The Force is With Me
From the Left – We’ve Seen This Movie Before


When Bill Clinton first took office as president, he was swept in on a wave of the promise of a new direction. He was seen as a fresh face, not a Washington insider. He was well spoken, handsome, charming, and he spoke of new and progressive ideas about how government should work for the best interests of all Americans. He was a liberal intellectual with a knack for presenting himself as the common man and had an especially unique relationship with African-Americans who went to the polls in record numbers to support him. Toni Morrison, an African-American author would one day call him, "the first Black president."

In 1992, Bill Clinton was a liberal wet dream.

In announcing his support for Clinton, Dick Gephardt said, "Bill Clinton will be the kind of president the United States needs to recapture our economic strength and leadership in the post-Cold War world," and Clinton "has demonstrated resilience and decency."

Clinton also built a strong following of antiwar Americans, who believed America had been tricked into going to war in a place called Iraq by a man named George Bush. The man named Bush was also leaving America massive debt, a faltering economy, and had an administration full of corruption and shady characters. Clinton's victory was due in large part to an American electorate tired and angry at the man named George Bush. Americans were so tired of George Bush that democrats won victories all over the country and Clinton went into office with a solidly democratic House and Senate.

However, soon after Clinton took office, the left began to question Clinton's selection of his cabinet and the people who surrounded him. Although the left was largely responsible for pushing Clinton into office, the direction he seemed to be taking was sharply to the right and by the time he had served his first year in the White House, he was no longer Clinton the progressive, no longer the wet dream he first appeared to be. In fact, he created the right-wing wing of the Democratic Party, the DLC. Once in office, welfare reform, war, and harsh drug penalties found their way to Clinton's table. He would become the greatest incarceration president in American history .. and the majority of those incarcerated were African-Americans, the same group who so fervently supported him. Toni Morrison never considered that Clinton had used Sista' Souljah to prove to white people that he was not black.
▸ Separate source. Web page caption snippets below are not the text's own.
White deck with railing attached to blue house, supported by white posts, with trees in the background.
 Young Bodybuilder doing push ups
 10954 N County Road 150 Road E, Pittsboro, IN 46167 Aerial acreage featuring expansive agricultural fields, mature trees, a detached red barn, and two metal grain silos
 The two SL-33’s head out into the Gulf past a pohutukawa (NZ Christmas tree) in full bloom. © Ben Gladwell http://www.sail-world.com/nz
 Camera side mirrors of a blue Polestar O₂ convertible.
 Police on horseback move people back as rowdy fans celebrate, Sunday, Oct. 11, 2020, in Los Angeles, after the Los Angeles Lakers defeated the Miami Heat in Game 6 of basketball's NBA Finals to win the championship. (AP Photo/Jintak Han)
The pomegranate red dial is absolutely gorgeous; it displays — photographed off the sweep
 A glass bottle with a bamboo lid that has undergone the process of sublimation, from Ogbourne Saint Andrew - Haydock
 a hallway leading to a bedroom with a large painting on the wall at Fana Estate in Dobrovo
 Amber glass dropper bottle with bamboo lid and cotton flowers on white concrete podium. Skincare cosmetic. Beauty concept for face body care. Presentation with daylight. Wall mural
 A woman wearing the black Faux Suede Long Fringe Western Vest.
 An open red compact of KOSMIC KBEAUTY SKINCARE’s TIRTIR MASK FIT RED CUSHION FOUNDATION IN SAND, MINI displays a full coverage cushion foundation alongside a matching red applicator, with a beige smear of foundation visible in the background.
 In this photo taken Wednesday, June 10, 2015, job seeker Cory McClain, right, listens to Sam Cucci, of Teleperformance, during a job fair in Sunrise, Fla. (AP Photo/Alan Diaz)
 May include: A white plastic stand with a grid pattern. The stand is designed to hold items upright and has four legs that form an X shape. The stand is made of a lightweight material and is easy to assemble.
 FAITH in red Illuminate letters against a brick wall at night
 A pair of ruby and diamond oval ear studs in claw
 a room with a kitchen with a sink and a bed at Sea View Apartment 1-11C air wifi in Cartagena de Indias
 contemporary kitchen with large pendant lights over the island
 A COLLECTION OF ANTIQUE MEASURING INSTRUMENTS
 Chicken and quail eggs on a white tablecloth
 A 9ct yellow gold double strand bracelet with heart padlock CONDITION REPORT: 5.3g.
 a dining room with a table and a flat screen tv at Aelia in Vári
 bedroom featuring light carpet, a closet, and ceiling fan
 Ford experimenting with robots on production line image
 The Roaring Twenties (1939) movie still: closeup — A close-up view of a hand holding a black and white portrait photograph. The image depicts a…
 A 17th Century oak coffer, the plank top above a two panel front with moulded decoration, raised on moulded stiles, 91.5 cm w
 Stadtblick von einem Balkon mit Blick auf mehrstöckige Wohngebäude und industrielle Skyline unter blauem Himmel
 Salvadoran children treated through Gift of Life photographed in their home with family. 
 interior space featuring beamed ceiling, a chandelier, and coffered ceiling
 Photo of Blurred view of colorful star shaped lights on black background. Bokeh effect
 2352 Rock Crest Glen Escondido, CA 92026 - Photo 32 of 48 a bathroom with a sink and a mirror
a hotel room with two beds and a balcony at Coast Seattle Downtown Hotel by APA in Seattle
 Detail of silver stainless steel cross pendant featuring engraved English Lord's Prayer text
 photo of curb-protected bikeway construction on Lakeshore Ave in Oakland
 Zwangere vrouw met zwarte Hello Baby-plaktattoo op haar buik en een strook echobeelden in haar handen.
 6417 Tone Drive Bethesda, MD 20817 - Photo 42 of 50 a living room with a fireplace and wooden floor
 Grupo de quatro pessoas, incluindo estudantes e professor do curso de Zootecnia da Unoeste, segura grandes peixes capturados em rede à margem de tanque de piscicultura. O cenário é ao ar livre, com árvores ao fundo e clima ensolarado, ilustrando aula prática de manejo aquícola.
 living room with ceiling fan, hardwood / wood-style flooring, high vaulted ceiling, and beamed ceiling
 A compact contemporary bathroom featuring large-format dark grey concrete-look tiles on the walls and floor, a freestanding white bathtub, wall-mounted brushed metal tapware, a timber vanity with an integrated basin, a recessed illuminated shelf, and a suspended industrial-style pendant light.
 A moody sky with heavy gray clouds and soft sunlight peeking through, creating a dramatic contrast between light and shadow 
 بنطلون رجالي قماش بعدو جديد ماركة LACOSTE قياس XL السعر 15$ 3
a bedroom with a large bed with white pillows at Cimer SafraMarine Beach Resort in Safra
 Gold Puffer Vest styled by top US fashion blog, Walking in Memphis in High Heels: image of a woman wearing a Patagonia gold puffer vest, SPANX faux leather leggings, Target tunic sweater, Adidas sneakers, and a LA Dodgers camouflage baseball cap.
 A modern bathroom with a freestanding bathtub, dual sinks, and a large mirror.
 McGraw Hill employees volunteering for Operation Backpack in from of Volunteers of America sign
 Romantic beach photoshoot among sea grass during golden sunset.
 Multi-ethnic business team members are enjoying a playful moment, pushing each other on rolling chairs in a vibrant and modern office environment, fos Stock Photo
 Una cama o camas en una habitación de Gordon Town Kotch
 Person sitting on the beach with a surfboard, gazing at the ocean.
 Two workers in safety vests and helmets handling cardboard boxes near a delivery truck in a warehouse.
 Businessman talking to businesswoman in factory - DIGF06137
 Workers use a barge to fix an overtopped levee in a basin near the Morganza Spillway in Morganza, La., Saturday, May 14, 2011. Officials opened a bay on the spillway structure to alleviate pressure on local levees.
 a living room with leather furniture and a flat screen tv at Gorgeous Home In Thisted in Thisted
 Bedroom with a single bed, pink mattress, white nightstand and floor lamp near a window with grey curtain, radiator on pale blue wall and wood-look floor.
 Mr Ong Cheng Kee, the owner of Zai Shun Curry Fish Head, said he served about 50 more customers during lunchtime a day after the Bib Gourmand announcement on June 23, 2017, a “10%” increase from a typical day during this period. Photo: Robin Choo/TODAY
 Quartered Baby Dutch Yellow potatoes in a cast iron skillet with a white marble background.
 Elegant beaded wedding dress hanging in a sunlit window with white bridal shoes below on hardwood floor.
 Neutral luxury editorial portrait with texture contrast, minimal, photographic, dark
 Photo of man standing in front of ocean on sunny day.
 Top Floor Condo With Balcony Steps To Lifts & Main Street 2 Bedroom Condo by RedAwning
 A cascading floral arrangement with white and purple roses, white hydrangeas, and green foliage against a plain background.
Clinton also became best friends with corporate America and lobbyists were all over him like flies on shit. Buoyed by a reviving economy, Bill Clinton remade himself and got cozy with the very elements the left so despised.

By the very next election after Clinton had so triumphantly captured the White House, the American left was no longer as enamored by him and republicans stormed back into control of the Congress .. and they stormed back with a vengeance. Clinton went on to serve two terms, but he never recaptured the Congress and the DLC, with their centrist politics, would lead democrats to embarrassing election failures for many years to come.

Fast forward to the present day, replace the name Clinton with Obama and you have much of the exact same movie. "Fresh face", "eloquent", "inspiring", "change", and a liberal wet dream. He rode that same wave of antiwar, anti-Bush sentiment into office and became an instant hero of the left. Obama will enter the White House with almost the exact same advantage in Congress that Clinton had.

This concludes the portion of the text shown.